The expression $P + Q$ has a coefficient of freedom of -6

=> Substituting $x = 0$ into the polynomial $P – Q$, we get: $P – Q = -6$

* So: Polynomial $P + Q$ has a solution of $x = 0$.

### Exercise 7.22 page 35 math 7 episode 2 KNTT

A bus goes from Hanoi to Yen Bai (on the Hanoi – Lao Cai highway) with a speed of 60 km/h. After 25 minutes, a tourist car also goes from Hanoi to Yen Bai (on the same road as the bus) with a speed of 85 km/h. Both cars did not stop along the way.
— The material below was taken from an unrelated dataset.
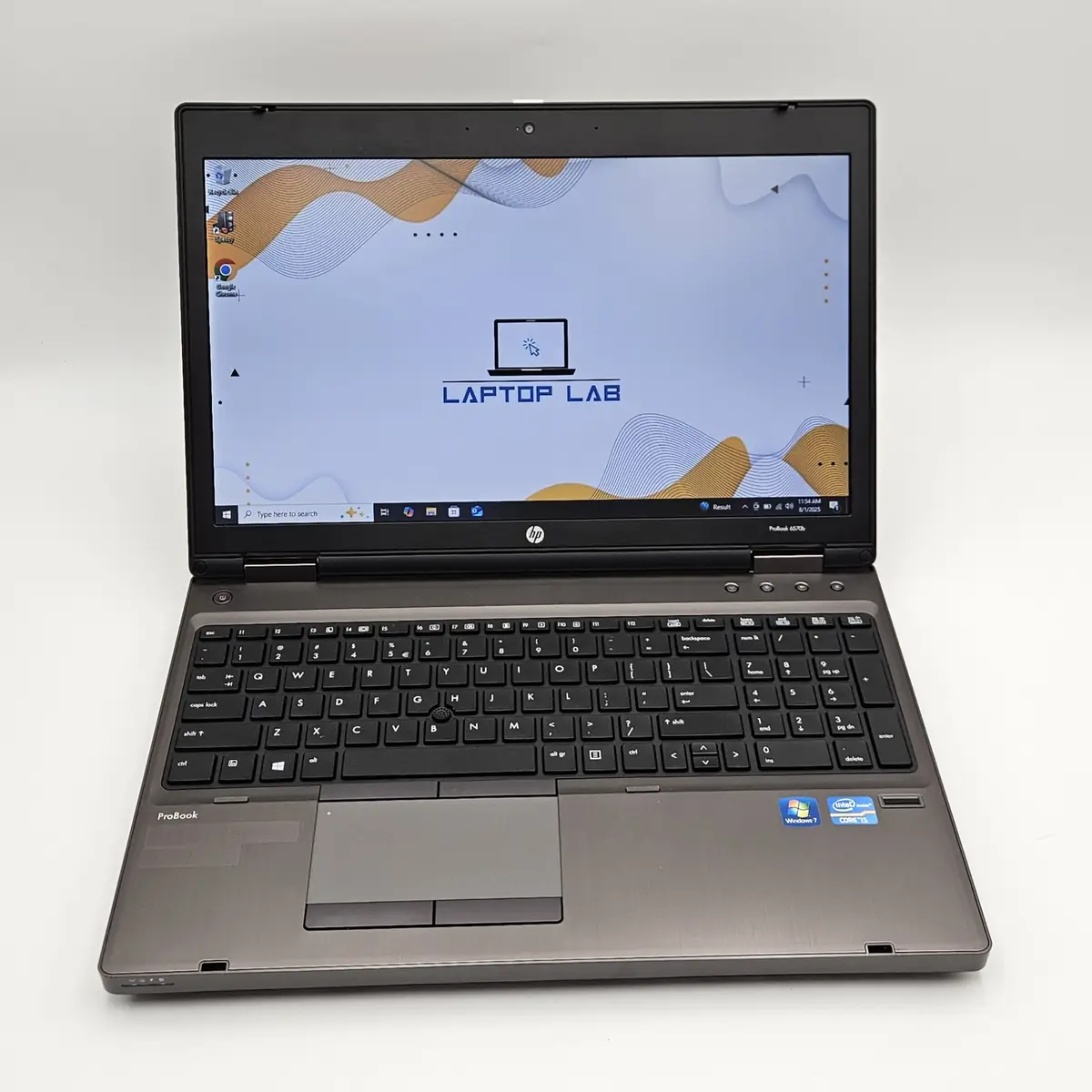 Laptop Second Hand HP Probook 6570B - 15.6inch Intel I5-3230M 8GB RAM 500GB HDD Windows 10 Refurbished  [2]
a) Let $D(x) $ be the polynomial representing the distance traveled by the bus and $K(x) $ be the polynomial representing the distance traveled by the bus from the start to the time the bus stops. go x hours. Find $D(x)$ and $K(x) $.

b) Show that the polynomial $f(x) = K(x) – D(x) $ has a solution of $x = 1$. Explain the meaning of the solution $x = 1$ of the polynomial $f(x) $.

Solution guide:

a)

25 minutes = $\frac{5}{12}$ hours

According to the topic, we have:

$D(x) = 85x$

$K(x) = 60.\frac{5}{12} + 60x = 60x + 25$

b) $f(x) = K(x) – D(x)$

$= 60x + 25 – 85x $

$= 25 – 25x$

Substituting $x = 1$ into $f(x)$, we get:

$f(1) = 25 – 25.0 = 0$

So: Polynomial $f(x) = K(x) – D(x)$ has a solution of $x = 1$

* Meaning: When two cars have traveled for 1 hour, they will meet.